I have put the eulogy I wrote for Rob, that was read out at his funeral, online here: Mutley the Dog (the blogspot cheeky monkey chatters is a place where I left him a valentine this year)
Sadly, his blogs have been removed from the net.
Shockingly, I received an email from him last week, stating this.
It was written by his ex-wife. She has also removed him from our shared private blog - In my Dreams - a place where I'd been pouring out grief. Privately.
(Part of sudden death I've discovered is an inability to accept someone's departure. We were still talking, still listening, still joking, still cuddling.)
Rob lived alone these last three years. He died but a few days from Divorce Absolute.
Words fail me entirely.
Well, I will say this - She has done much good for him, there are children involved and I understand that she grieves too.
I do not think that blogging should be controlled. I think that what we write, what we feel, how we connect with each other should remain forever available. Rob was a lifelong champion of human rights and freedom of speech. He reached out to many people here on blogger at dark times as you know and in life he worked for justice and equality, most recently supporting victims of crime. I am certain he'd have disapproved - of anyone being silenced in such a fashion.
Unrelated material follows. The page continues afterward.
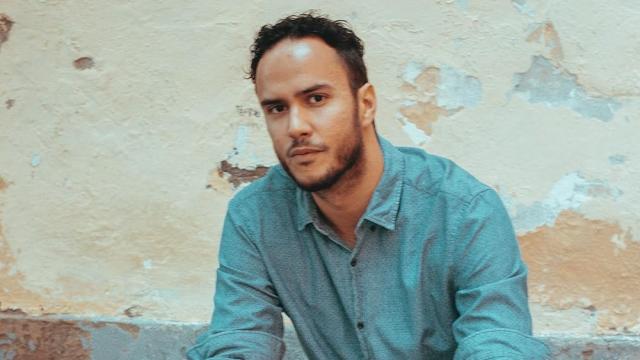 Armando Ravelo, el director que deja el cine tras ser acusado de abuso sexual.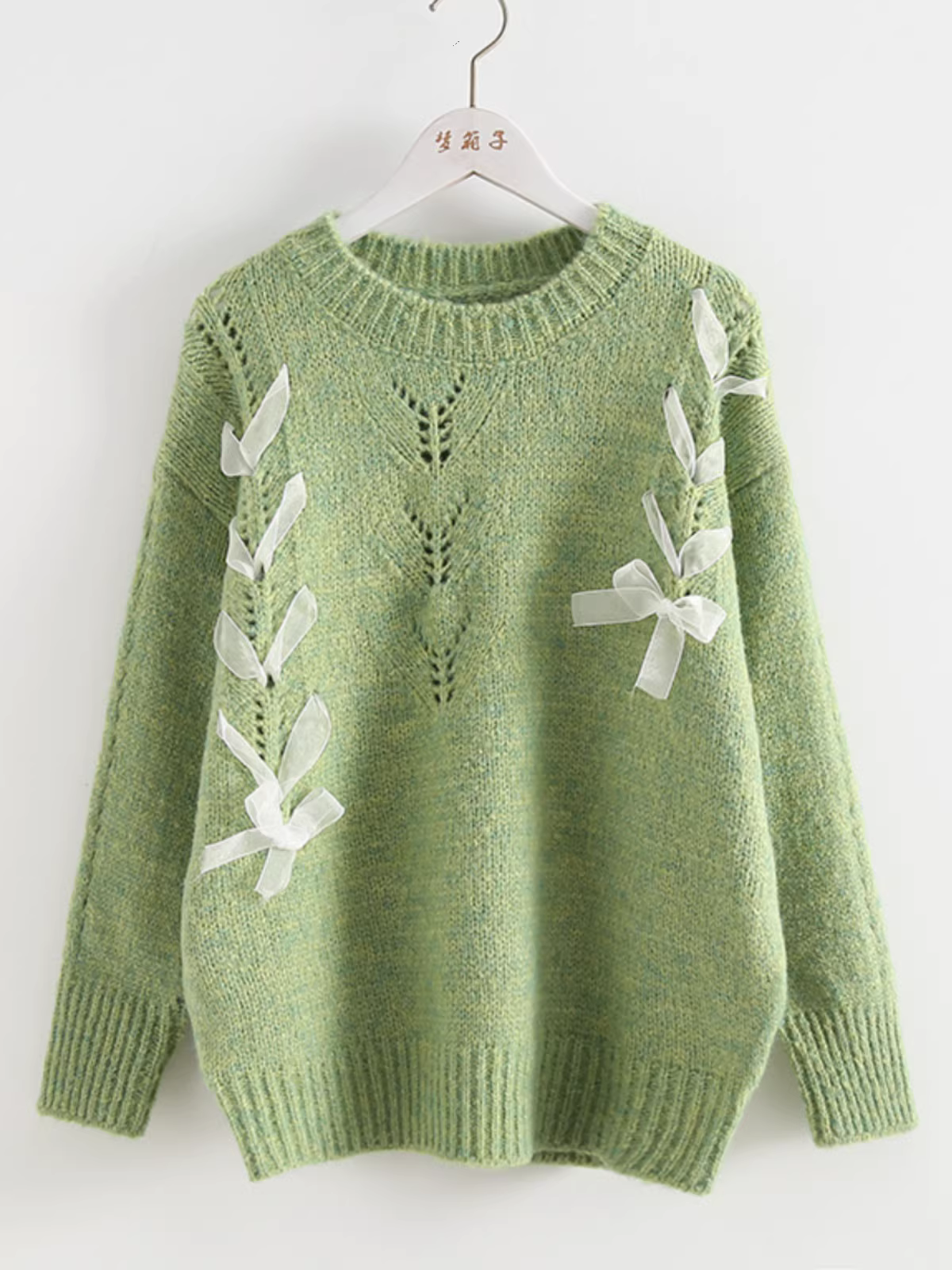 Áo len dệt kim dáng rộng cổ tròn họa tiết hoa nơ ngọt ngào mùa thu Dream Box 2025 dành cho nữ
Perhaps though, perhaps - he would have understood..
I've nothing more to say, nor will, to his ex-wife. I wish her well. Sincerely.
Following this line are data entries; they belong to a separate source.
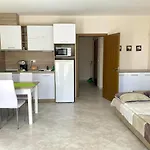 Apartment In Apolon *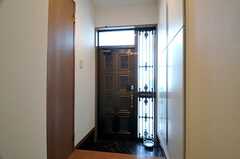 内部から見た玄関周辺の様子。左手のドアがバスルームです。(2014-05-21,周辺環境,ENTRANCE,1F)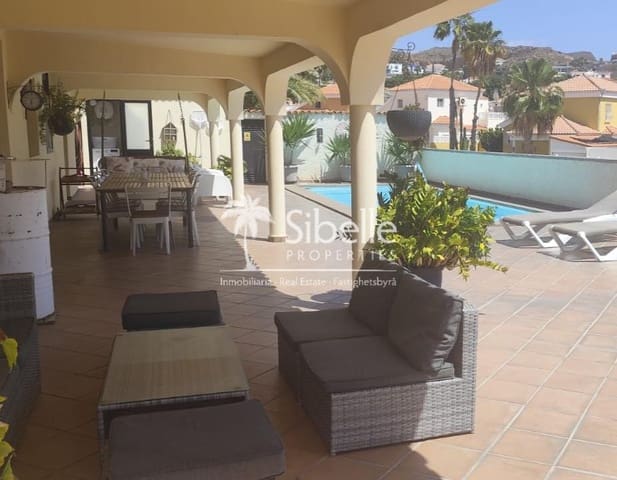 Villa/Maison de 4 chambres à louer à Tauro, Mogán avec piscine garage - 3 200 € (Ref: 9932025)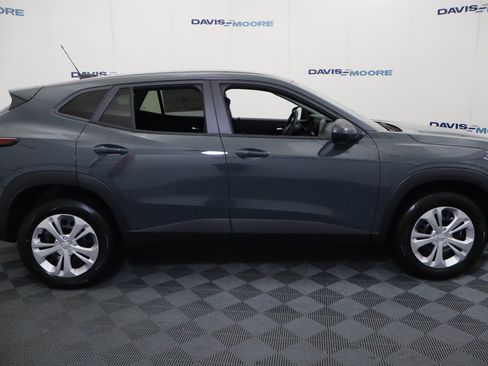 New 2026 Chevrolet Trax LS FWD image 5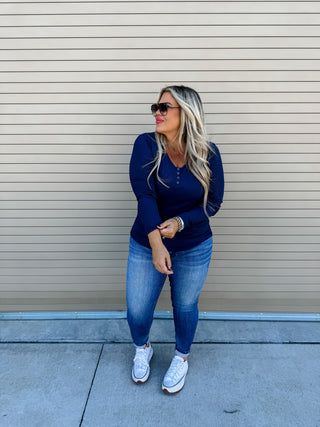 PREOREDER- BROOKLYN SNAP HENLEY TOP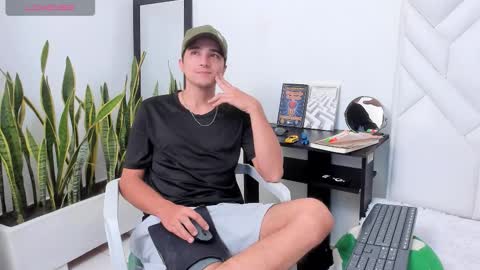 Snapshot of bad_boy_21_ chatting on 21, 2, 2026 bad_boy_21_ online show from 21, 2, 2026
I have my health and sanity to maintain now. Grief is complex. And I've a family to bring up. Three lively boys. My youngest is 5.
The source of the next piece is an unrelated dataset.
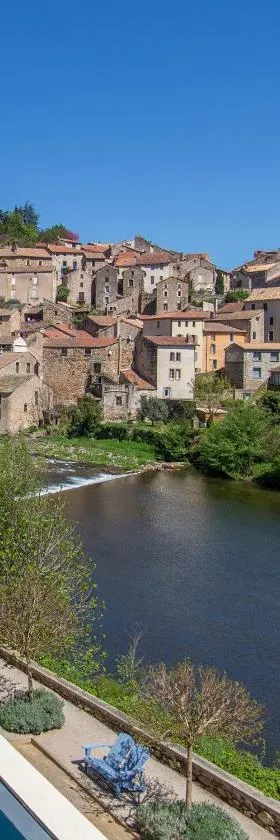 Ecole Olargues - Chambres & restaurant - Teritoria，位于奥拉尔盖的酒店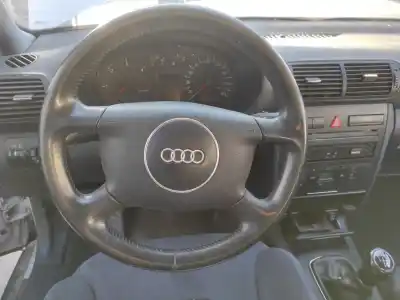 Veículo de Sucata audi a3 (8l) 1.9 tdi do ano 2000 alimentado asv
Rob was wonderful, funny, kind and clever. Even better in real life than on the net. In my experience of him these last two years :-
he was not in alcoholic decline,
he did not die on the brink of organ failure
and - he most certainly does not have boring brothers!
He was a cheerful, independent man who liked his beer (real ale only!) and who, as is now known but too damn late, had a bad heart. Sometimes he was very low, aren't we all - "I'm sad about a sad thing" he'd insist. And then, he'd become distracted by something interesting, something worthwhile and his spirits would return to their usual setting of - Happy! - His cause of death is yet to be pinpointed but I comfort myself entirely with this knowledge - having laid on his bed the next morning - he passed on peacefully in his sleep with no suffering, just dignity.
His brothers are much like him, kind, clever and private. I'm kind and private too, but not as clever though! I would have been very proud to have been an honorary member of their family.
Rob - I would like you to be remembered with smiles and affection by all you encountered here on the net, may your mischievous spirit live on forever. Love and respect darling - that's all that matters. And maybe now, like so many creatives before, you may be discovered and published. Posthumously damnit! But published perhaps - who knows.
Grief I'm finding is the most debilitating thing. Confusing, numbing and extremely painful. In brighter moments I imagine Rob making his usual daft comments beside me, pulling faces, cheering me up, spurring me on. At other times I feel that the future is entirely pointless. Futile. Because simply, unbearably, he isn't here.
I have my three beautiful boys thank God.
I press on.
With many thanks to all who have helped me, commented and emailed. And much love to Wife in the North, Ubermouth, Miss Smack and Electro-Kev - who were all true friends to Rob when it mattered most
My best friend and soulmate died last Friday. Tributes have flooded in from blogland. He would have been so touched. He said he loved to make people laugh. Give them a smile. And when they replied with "Thanks Rob, that cheered me up!" he was pleased no end.
I wanted to write him a celebration post. But you know what, I think you guys have already done that, many times over! ( I'm smiling!)
His funeral details are at robert.chambers.gonetoosoon.org
All family and friends know they are very welcome. If any one has any requests, please contact the funeral director and I'll be happy to do whatever is necessary.
I have to say that now, today, after visiting the funeral director, I'm stepping back. It's been a long journey travelled in what, five days, a tour right through Rob's world. (If you thought he was a man of many mysteries, well, yes, he was!) (Smiling again!) I'm basically a kind and sensitive soul and now, unsurprisingly, I'm pretty much overwhelmed.
I've to pick up my life and restructure it.
There won't be a bright red car pulling up outside my house anymore, there won't be a key in the door, a step on the stairs and a big hug and a bag chock full of little goodies - anymore.
I miss him more than I can bear.
Oh don't be so sentimental! he'd say, what, miss an old fart like me?!
Being with Rob gave me a spring in my step, an easy smile and a sense of purpose, of life well-lived. We had a great laugh. And a great love.